A grapheme cluster is what a user often perceives as one displayed character. It can contain several code points, such as e plus a combining acute accent, or an emoji plus a skin-tone modifier.

ASCII and the 7-Bit Byte Interface

ASCII is a 7-bit code with 128 entries, numbered 0x00 through 0x7F. The printable region starts at space, 0x20, and runs through ~, 0x7E. The digits, uppercase letters, and lowercase letters are contiguous ranges:

'0'..'9'  0x30..0x39
'A'..'Z'  0x41..0x5A
'a'..'z'  0x61..0x7A
DEL       0x7F

The first 32 entries are control codes because ASCII came from teleprinters and data links, more than just memory buffers. NUL at 0x00 could mean no punched holes. BEL at 0x07 rang a bell. BS at 0x08 moved the print head backward. TAB, LF, and CR at 0x09, 0x0A, and 0x0D controlled layout. ESC at 0x1B introduced terminal control sequences. DEL at 0x7F was all seven bits set, useful for punching over a bad character on paper tape.

ASCII fits in a byte by leaving the high bit zero.
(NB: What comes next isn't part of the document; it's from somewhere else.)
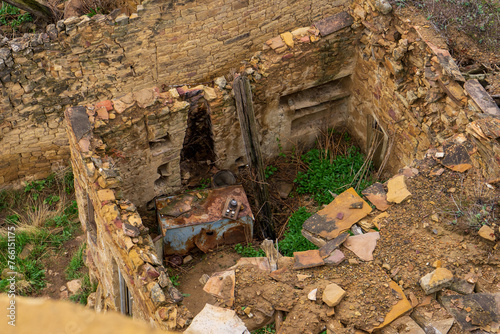 Ruins of ancient settlement in mountains. Ruined mountainous village Gamsutl in Dagestan republic. Old abandoned stone houses and buildings against spring landscape. Caucasian aul, Caucasus, Russia photo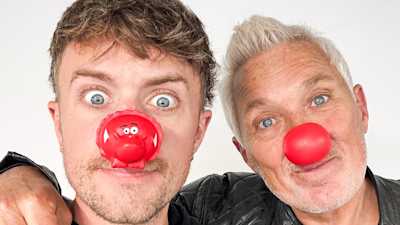 Roman and Martin Kemp wearing red noses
The letter A has code 0x41, binary 0100 0001. A newline has code 0x0A, binary 0000 1010.

#include <stdio.h>

int main(void) {
    unsigned char s[] = { 'A', '\n', 0 };
    printf("A: 0x%02X\n", s[0]);   // 0x41
    printf("\\n: 0x%02X\n", s[1]);  // 0x0A
}

A C string literal such as "A\n" usually stores three bytes: 41 0A 00. The final 00 is the NUL terminator used by C library functions, not part of the text.
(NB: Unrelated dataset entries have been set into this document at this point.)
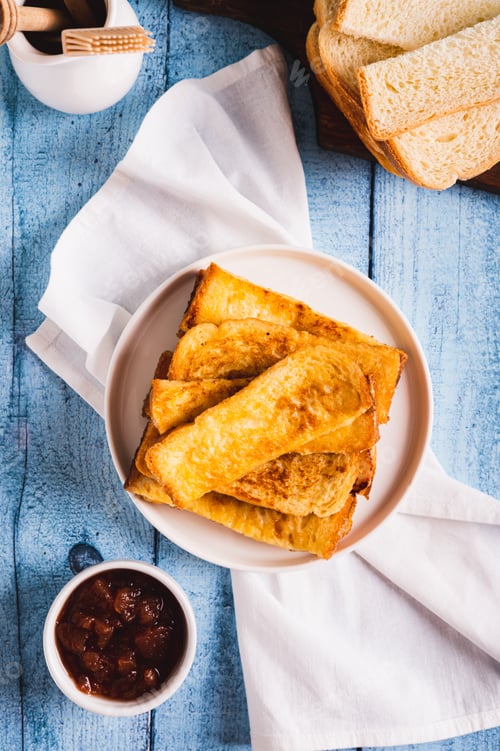 Preview: Traditional fried french toasts on white plate on table top and vertical view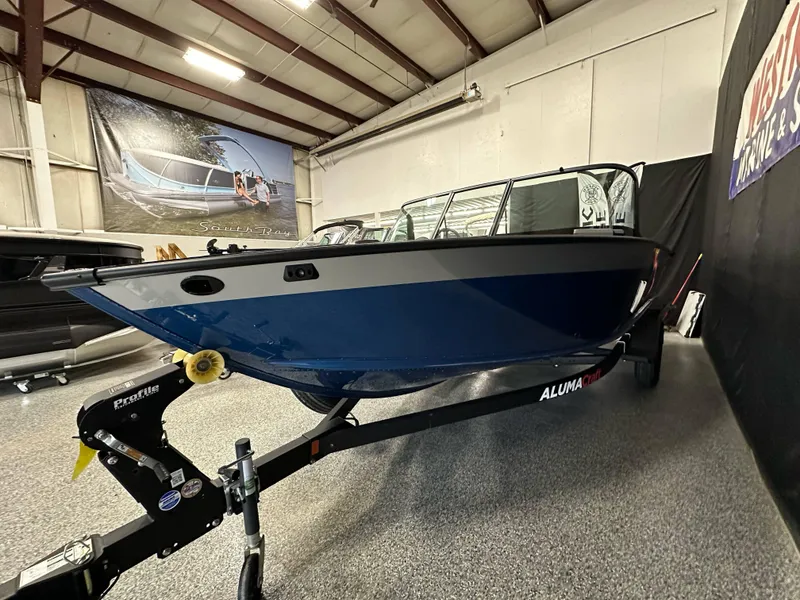 Slide: The Image of 2025 Alumacraft Competitor 185X Sport boat on trailer in showroom. - 6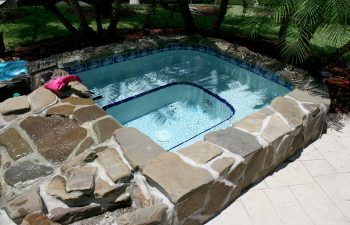 backyard in-ground jacuzzin with natural stone finishing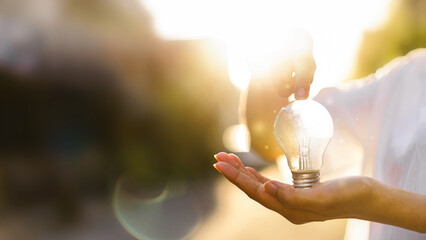 Innovate through ideas and inspiration. human hand holding light bul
The 8-Bit Code Page Problem

Once bytes became common storage units, systems used the unused high-bit range 0x80 through 0xFF for extra characters. ISO-8859-1, also called Latin-1, assigns many Western European characters in that range. In ISO-8859-1, é is the single byte 0xE9.

Windows-1252 is close to ISO-8859-1 but not the same. The range 0x80 through 0x9F is the trap. ISO-8859-1 reserves that range for control codes. Windows-1252 assigns printable characters such as curly quotes and the euro sign:

byte    ISO-8859-1        Windows-1252
0x80    control           €
0x91    control           ‘
0x92    control           ’
0x93    control           “
0x94    control           ”

This is why old text migrations fail in specific ways. If a Windows-1252 file containing as byte 80 is decoded as ISO-8859-1, the result is a control character, not the euro sign. If UTF-8 bytes are decoded as Windows-1252, the result can be printable garbage.

Worked mojibake example:

text intended:        é
Unicode code point:   U+00E9
UTF-8 bytes:          C3 A9

Wrong decoding as Windows-1252:
C3 -> Ã
A9 -> ©

displayed result:     é

No byte changed. The decoder used the wrong table.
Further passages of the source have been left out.